As we become more familiar with the Scriptures these connections become more and more evident. As a pastor, as a teacher I know that the greatest lessons are those discovered rather than told. There’s a teaching maxim that says, “Tell them they forget; show them they remember; involve them and they understand!”
The Epistle to the Hebrews, though it professes to be a letter is written more like a sermon. There is a whole lot in here and unlike a lot of parts of Scripture we like to think about, passages that tell us specific things to do - feed the hungry, care for the weak, give to the poor, etc. - this book is often less about pragmatic actions for us to take and more about ideas and thoughts we need to consider. And the author spends a good deal of time referring us back to the Hebrew Bible (what we call the Old Testament) to bolster his argument. It is a book that makes us think theologically.
Throughout the chain of references here in Hebrews chapter 1, the author makes several assumptions about the Old Testament.
The Old Testament (Hebrew Bible) consists of the words of God.
The Old Testament presents truth.
The Old Testament presents a unified revelation.
The Old Testament bears witness to Christ.
Then the author makes 4 theological assumptions that we need to note to understand where he’s coming from:
The author understands the Son to be equal with God. This is something we find affirmed in Paul’s writing to the church in Philippi, the opening of the Gospel of John, and elsewhere. It is unmistakeable in the author addressing the Son with “O God” in vs. 1:8 as well as the application of the OT creation passages to the Son.
The author believes the Son to be Lord over the cosmos. He proclaims the Son as both originator and terminator of the universe; thus all reality has its unity in Him.

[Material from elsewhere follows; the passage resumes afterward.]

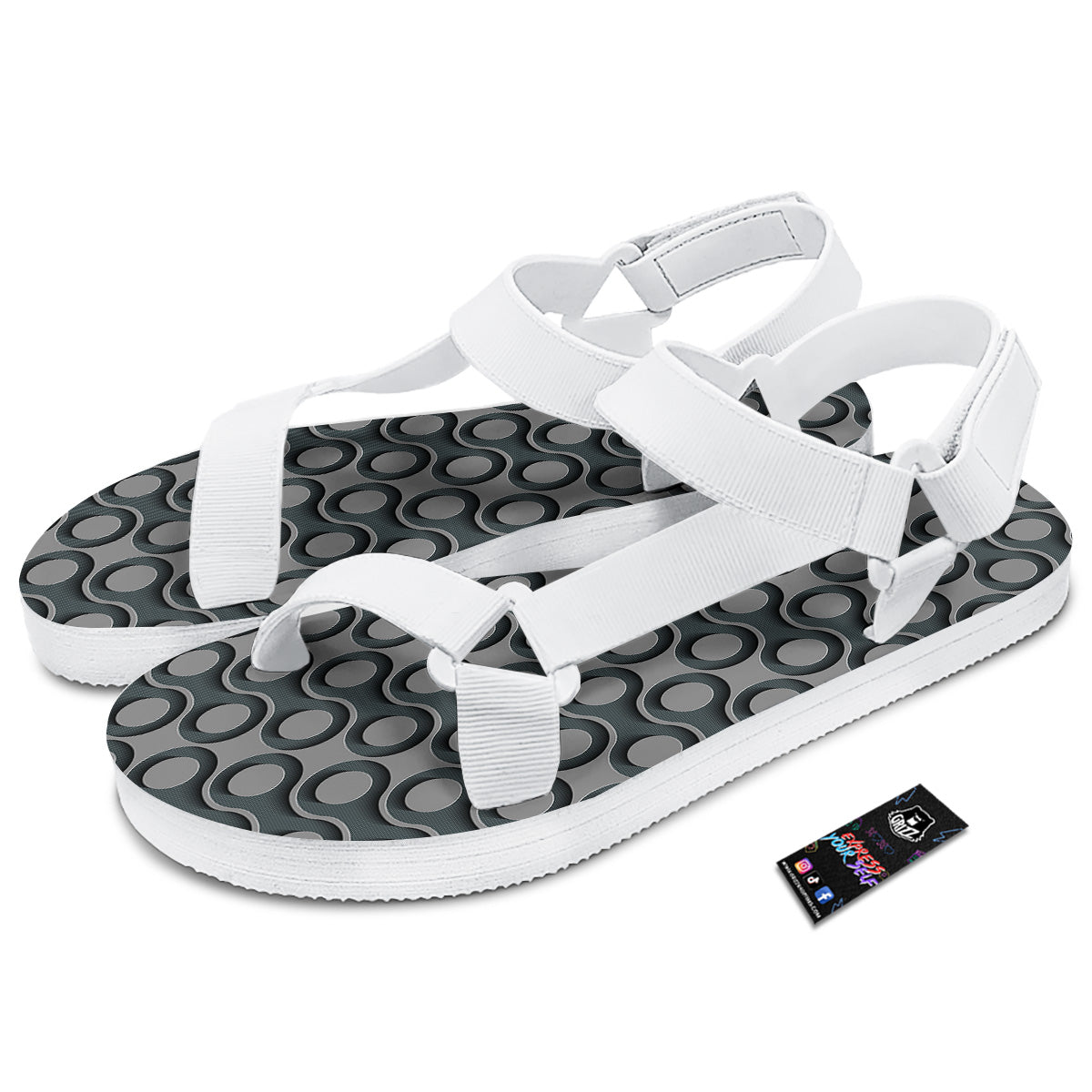 Dot 3D Geometric Print Pattern White Open Toe Sandals-grizzshop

The author believes in a spiritual realm inhabited by spiritual beings called angels. These beings have specific functions in the mind of this preacher; especially the worship of God and ministry to his people.
The author assumes that Christ has his enemies and that all of the enemies have yet to be placed under his feet. As we shall see in later chapters, the listeners were overwhelmed with the sense that forces around them were out of their control. The author addresses their dilemma of persecution in this way.

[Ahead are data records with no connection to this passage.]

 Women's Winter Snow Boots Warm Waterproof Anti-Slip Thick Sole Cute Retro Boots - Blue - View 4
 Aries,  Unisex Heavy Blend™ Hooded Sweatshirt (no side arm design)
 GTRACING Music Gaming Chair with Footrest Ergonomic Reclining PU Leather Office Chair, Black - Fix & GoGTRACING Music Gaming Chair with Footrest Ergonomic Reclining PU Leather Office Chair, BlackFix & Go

Why are these important? It is foundational to the concept of the Trinity.
Heb 1:5 It teaches Jesus superior to the angels and in unique relationship to God the Father.

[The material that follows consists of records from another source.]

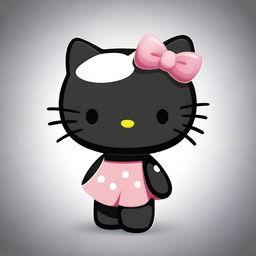 A black Hello Kitty character standing in a cute pose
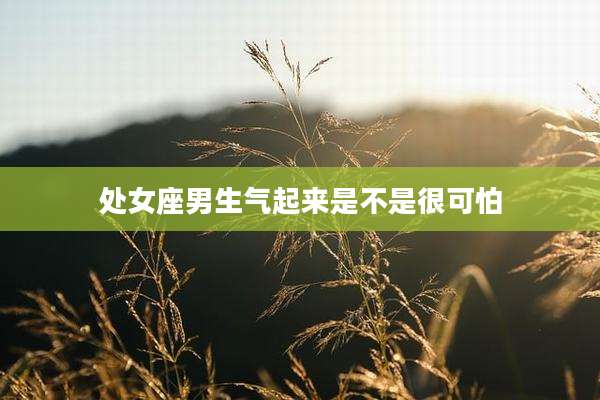 处女座男生气起来是不是很可怕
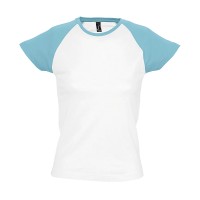 Футболка "Milky", белый с бирюзовым_M, 100% х/б, 150 г/м2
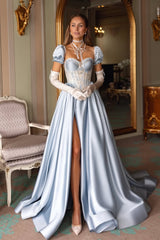 Elegant Sky Blue Sweetheart Satin A-Line Prom Dresses Bubbles Sleeves High Slit With Pleats Beads
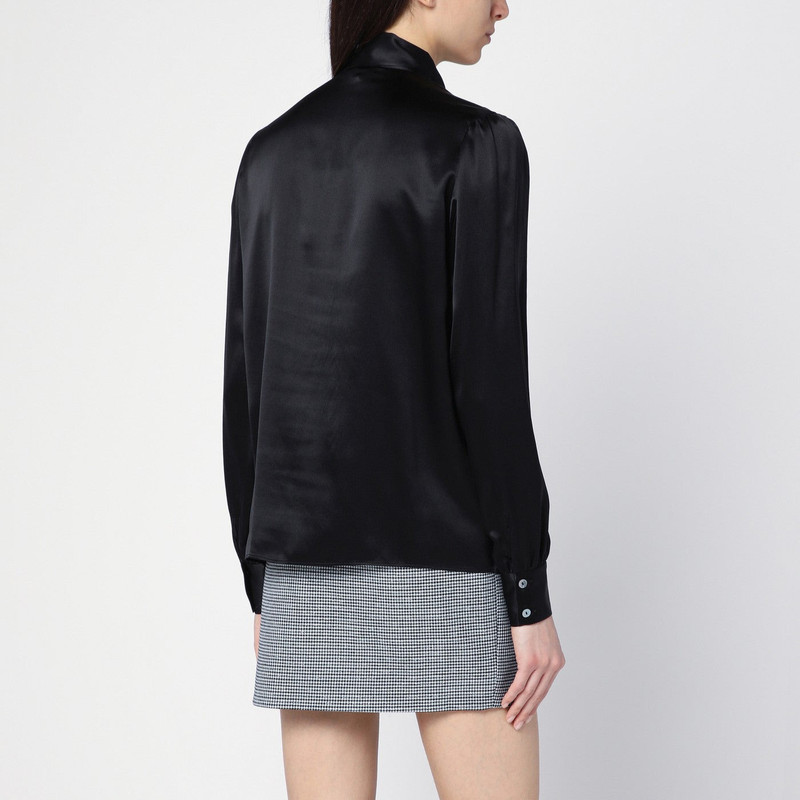 Black silk shirt with bow 3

For to which of the angels did God ever say, “You are my Son, today I have begotten you”? Or again, “I will be to him a father, and he shall be to me a son”?
An error some fall into here is an “Arian” interpretation of the begetting of the Son by the Father in Psalm 2 which must be flatly denied. Arius was a 4th century heretic who insisted that the Son had a point of beginning. The council of Nicea which met in A.D. 325 answered Arianism by interpreting the begetting to mean that he was of the same essence of the Father, “God of God, Light of Light, very God of very God, begotten, not made, being of one substance with the Father…” This creed follows the pattern seen in Hebrews 1 stressing the Sons’s divine nature.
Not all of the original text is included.